João Baptista, no entanto, ao anunciar a vinda do Messias, anunciou igualmente um outro (e esse definitivo) baptismo. Dizia ele: “Eu baptizo-vos em água, para o arrependimento. Mas aquele que vem depois de mim […] baptizar-vos-á no Espírito Santo e no fogo” (Mt 3,11).
3. O baptismo no Espírito Santo: eis o que caracteriza o baptismo de Cristo, o baptismo cristão.
Quando sobre nós foi derramada a água, o Espírito Santo desceu sobre nós e encontrou em nós a sua morada, configurando-nos com Jesus Cristo.
Na Carta aos Gálatas, S. Paulo diz: “Todos vós que fostes baptizados em Cristo, fostes revestidos de Cristo” (Gal 3,27). Nós, cristãos, vivemos revestidos de Cristo, desde o momento do nosso baptismo. O mesmo é dizer: o Espírito de Jesus envolve-nos, passa a viver em nós. Essa é a vida nova que recebemos no baptismo, a vida de Jesus ressuscitado!
Todos os seres humanos são diferentes uns dos outros: somos únicos, criados por Deus, amados por Ele, pensados por Ele desde toda a eternidade. Mas, no momento do seu baptismo, o cristão passa a trazer consigo a Cristo, a viver “revestido de Cristo”: o Espírito do Senhor tomou conta da sua vida, como uma realidade indelével, que ninguém jamais poderá apagar. E esse é o tesouro que cada baptizado transporta consigo: a vida no Espírito; a vida de ressuscitado; a vida de filho de Deus, fazendo para sempre uma com a vida de Jesus Cristo.
Claro que podemos viver ignorando tudo isso. Infelizmente, a maioria dos nossos cristãos vive desse modo, ignorando o tesouro de que é portador. Mas que triste figura faz alguém que tem consigo a maior das riquezas a que algum ser humano pode alguma vez aspirar, e despreza esse tesouro, como se fosse um nada!
4. Que se espera de alguém que quer viver como “baptizado no Espírito”? Espera-se que se deixe converter pelo Espírito; que se deixe conduzir pelo Espírito; e que a todos torne transparente a vida no Espírito.
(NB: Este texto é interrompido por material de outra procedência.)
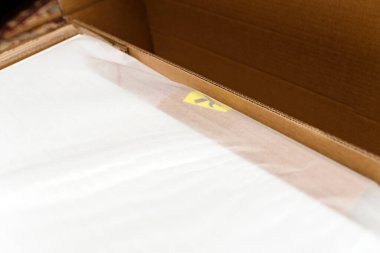 İçi beyaz koruyucu köpükle kaplı karton bir kutunun yakın çekimi ve ince şeffaf bir tabakayla kısmen kaplanmış sarı bir etiket..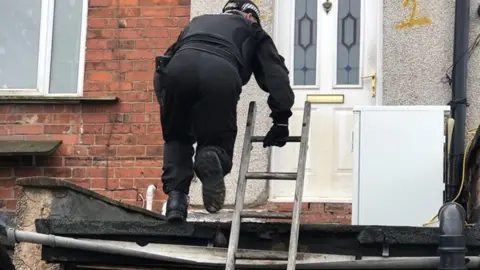Northamptonshire Police Officers carrying out searches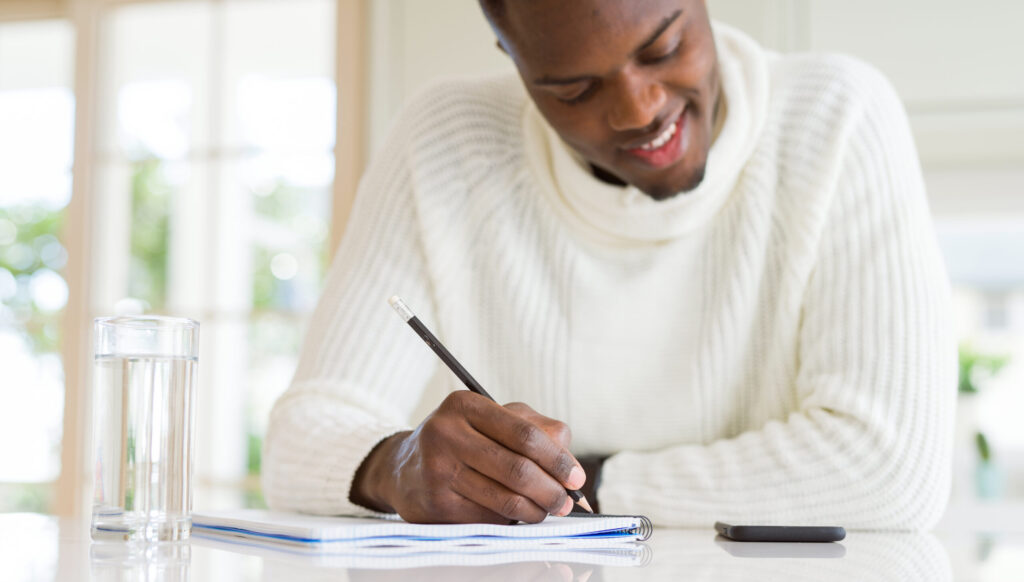 close up african man writing note paper smiling confident scaled e1719416724315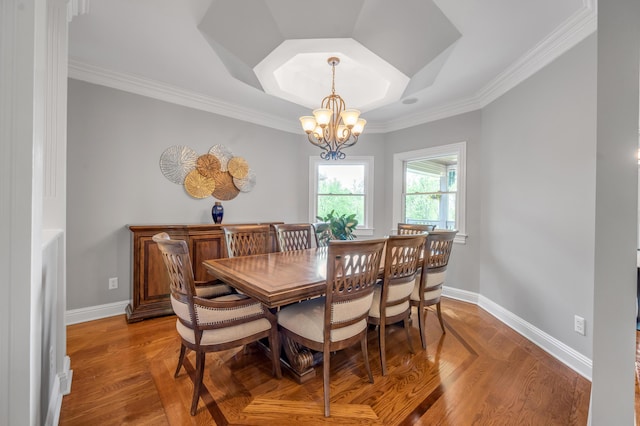 dining room with crown molding, baseboards, wood finished floors, and a notable chandelier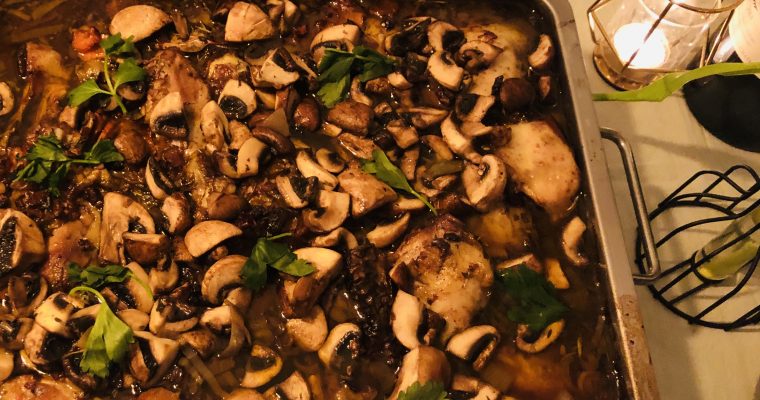 Coq au vin met champignons en cognac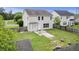 Aerial shot of fenced backyard with green lawn and a small patio area at 4747 Lewis And Clark Trl, Summerville, SC 29485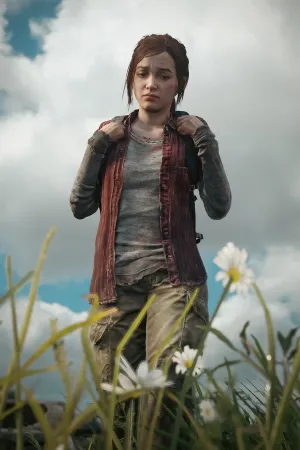 A low angle shot of Ellie, frowning in thought, looking down at some daisies growing in the grass.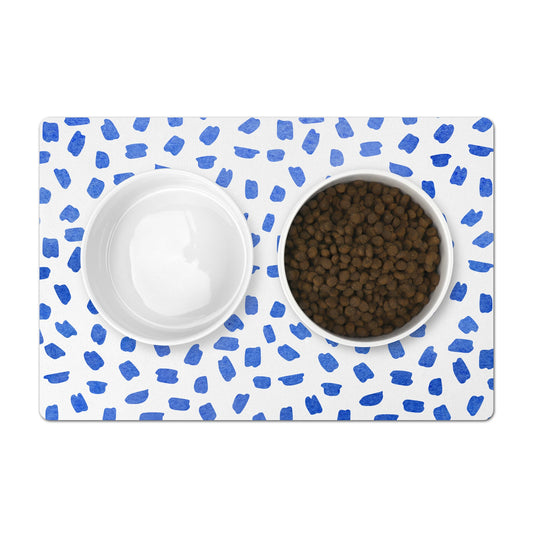 Pet food mat with blue watercolor brush strokes on white. Mat for under pet bowls.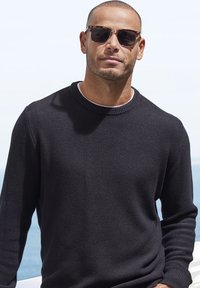Schwarzer Strickpullover mit strukturiertem Muster und rundem Halsausschnitt, kombiniert mit einer Schildpatt-Sonnenbrille, vor einem hellen Außenhintergrund.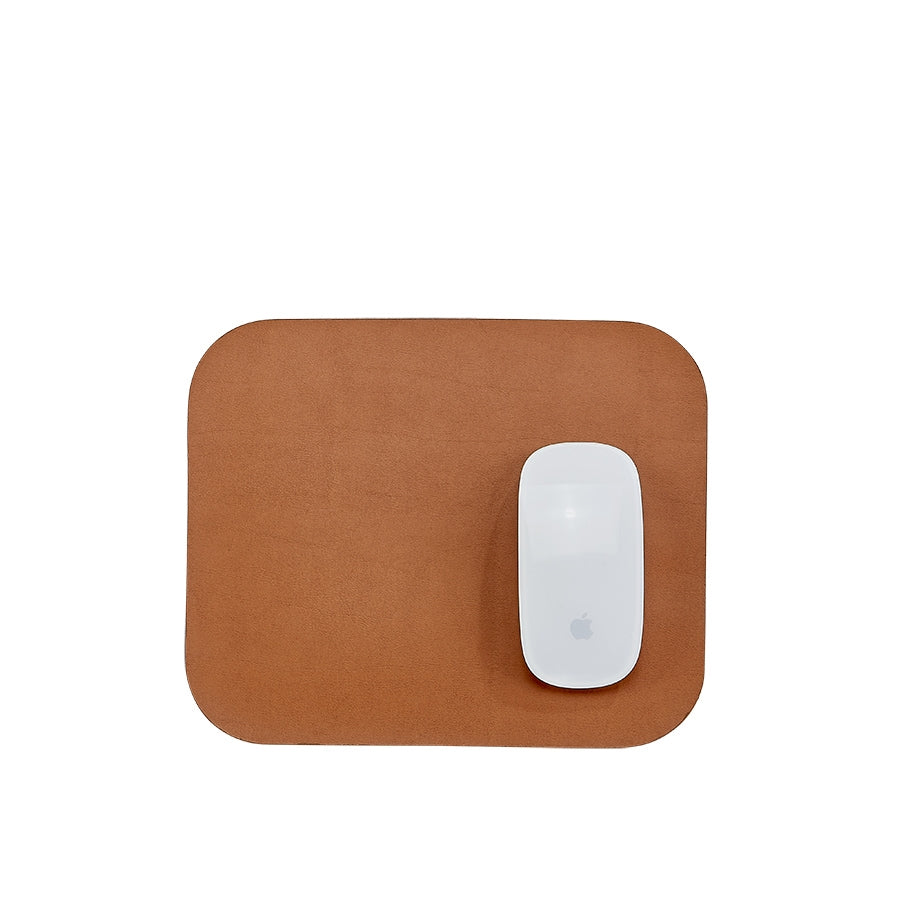 Top view of Italian leather mouse pad in tan with rounded corners and white wireless mouse on white background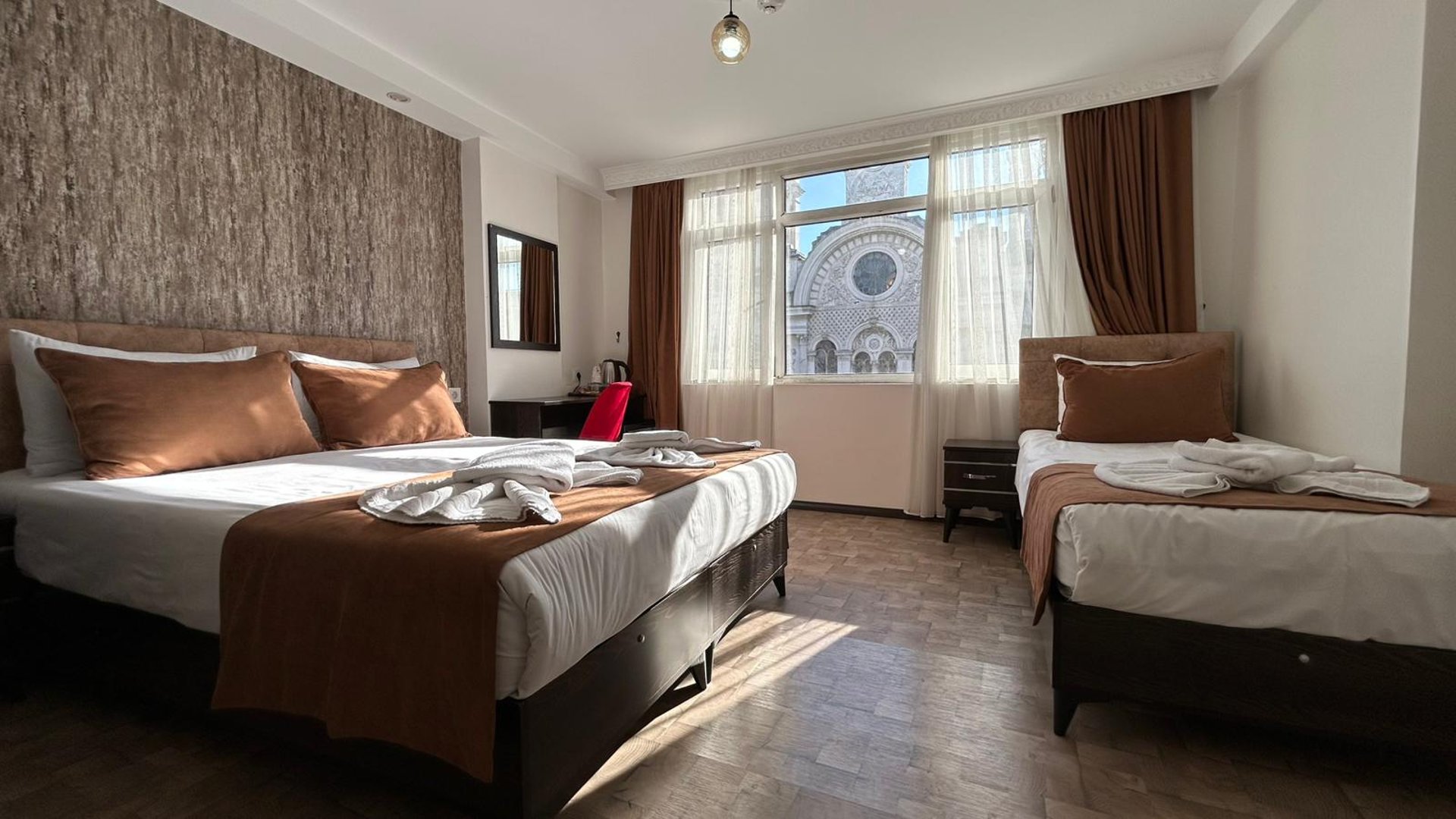 black and brown leather padded tub sofa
Que se deixe converter pelo Espírito. Quer dizer: tomando consciência do que somos, da nossa fraqueza e do nosso pecado, não podemos deixar de aspirar a ser melhores, a viver sempre e em cada dia mais à imagem de Jesus. A converter-nos, a deixarmo-nos transformar em cada dia que passa.
Que se deixe conduzir pelo Espírito. Quer dizer: que deixe que o Espírito Santo ilumine a sua vida, o caminho dos seus dias, as suas escolhas — aquelas de cada momento e aquelas que dão sentido a toda uma existência.
Que seja transparência do Espírito. Quer dizer: que aqueles quantos o encontrarem percebam a vida de que aquele cristão é portador, a vida de Deus, oferecida a todos.
Somos baptizados no Espírito Santo. Recebemos o tesouro da vida nova de Jesus ressuscitado. Deixemo-nos converter pelo Espírito, conduzir por Ele, e sejamos transparência, anúncio, da vida nova que nos dá o nosso verdadeiro existir.